The Maternity Services Advisory Group was formed to provide information to the government about the whole range of issues which we need to address on safe birthing in this country and it has been working extraordinarily hard for the last several months, once again, to come up with an agreed solution. That is what will be involved in the regulations, which will come back to this place as disallowable instruments, to put this in place.

There has not been any attempt to close down any of this debate. In fact, what the government has done is encourage it to occur, but for the last few years this particular process has not been in place. The legislation, through a combination of the NRAS—the National Registration and Accreditation Scheme—and this process, which is looking at professional indemnity for midwives and people who are working in the system, will be able to come up with the outcome which so many people have sought. Many people have given us evidence and put forward their views in the various Senate community affairs committees, and senators and members in this place have received many emails and contributions from people talking about their birthing rights.

We have heard the views of a number of senators tonight about what the future of this process should be. There must be an outcome. There is a genuine commitment from all the people who have been involved to ensure that there is an outcome. This particular legislation provides movement forward. It does not determine what the regulations are going to be; that will come back to this place. There is no way that there is going to be a disconnect between the regulations which support this legislation and the legislation which is before us this evening. Again, the role of the Senate will be to consider those regulations through the various processes, to ensure that they once again meet the needs of consumer groups, medical groups and of the government and funding groups. It is a simple stage of our medical process.
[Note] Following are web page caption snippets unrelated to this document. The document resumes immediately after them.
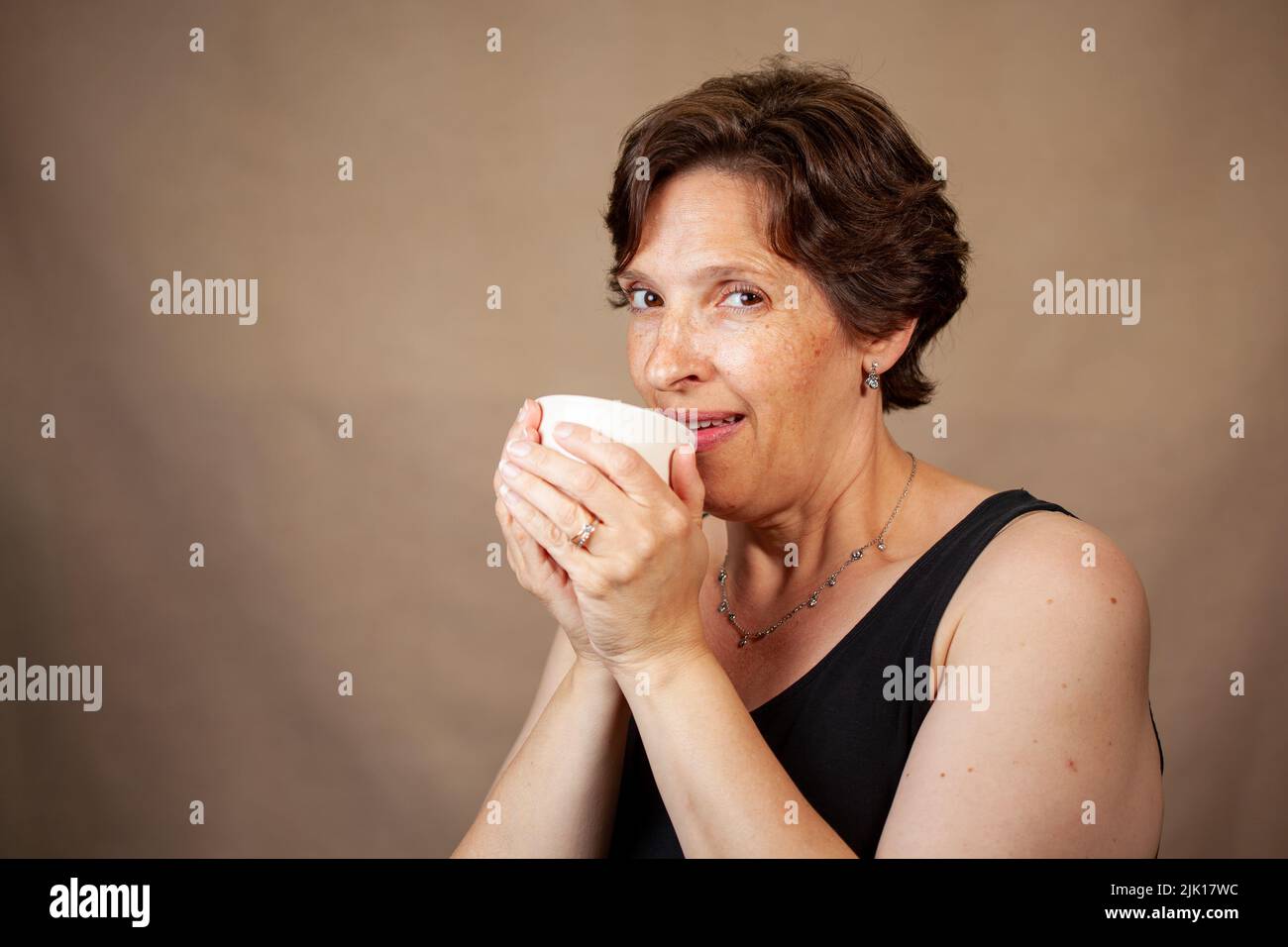 Femme appréciant une bonne tasse de café Banque D'Images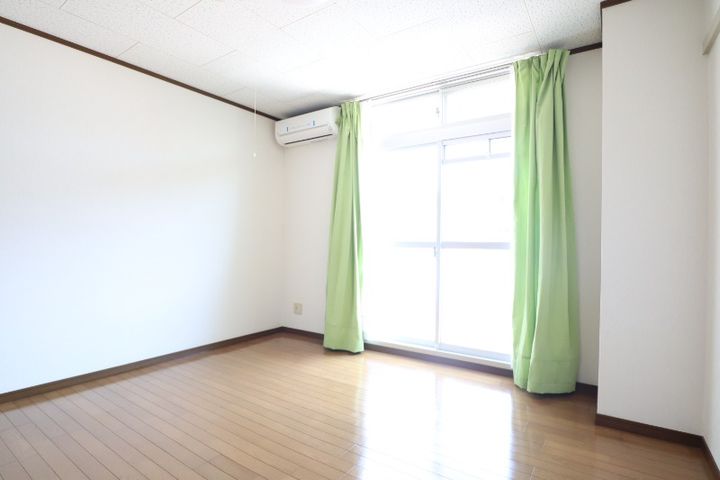 アースウェルの居間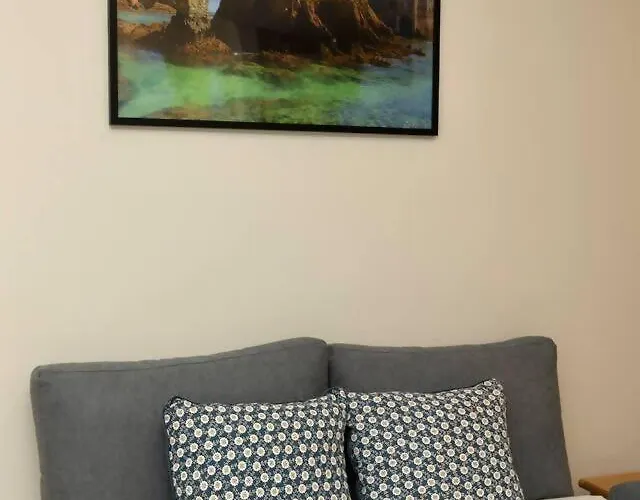 Cor De Mar • Patio • 2 Quartos • Centro Historico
There continues to be genuine interest in this process, as there must be. We have a collaborative arrangement between the state governments and the federal government looking at how we can bring this to a conclusion through COAG, because so much of what happens in maternity services at this stage is the responsibility of state governments. I want to put on record this evening the amazing welcome and support that I had from a number of state hospitals in Queensland, when I visited their midwifery services to see how they operate. I want to congratulate and thank the staff members in the midwifery section of the Goondiwindi Hospital, where I spent many hours talking about the way midwifery services are operating in that place, and I saw a genuine collaborative service.
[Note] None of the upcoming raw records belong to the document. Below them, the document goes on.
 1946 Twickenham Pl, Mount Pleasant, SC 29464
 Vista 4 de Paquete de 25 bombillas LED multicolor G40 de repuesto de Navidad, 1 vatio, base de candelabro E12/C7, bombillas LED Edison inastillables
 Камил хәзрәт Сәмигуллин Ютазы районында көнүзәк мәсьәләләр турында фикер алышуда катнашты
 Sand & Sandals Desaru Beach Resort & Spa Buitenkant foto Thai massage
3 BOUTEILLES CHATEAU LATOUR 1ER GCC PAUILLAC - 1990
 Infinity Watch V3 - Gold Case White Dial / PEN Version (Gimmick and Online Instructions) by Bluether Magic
I also want to congratulate the number of people—particularly from the private midwives group—who have worked tirelessly to ensure that the needs of their members are met and are put into place in any legislation that comes forward. There is no doubt that there will be an outcome because there is so much goodwill and determination. It is not a competition or a conspiracy between different parts of the medical profession. Many people have moved a long way from when this debate began and I think that should be acknowledged. We have before us three pieces of legislation, none of which make anything that is happening illegal and all of which provide an incredible breakthrough for people with professional skills. So many people will benefit from now having greater access to professional skills in our hospitals and health system.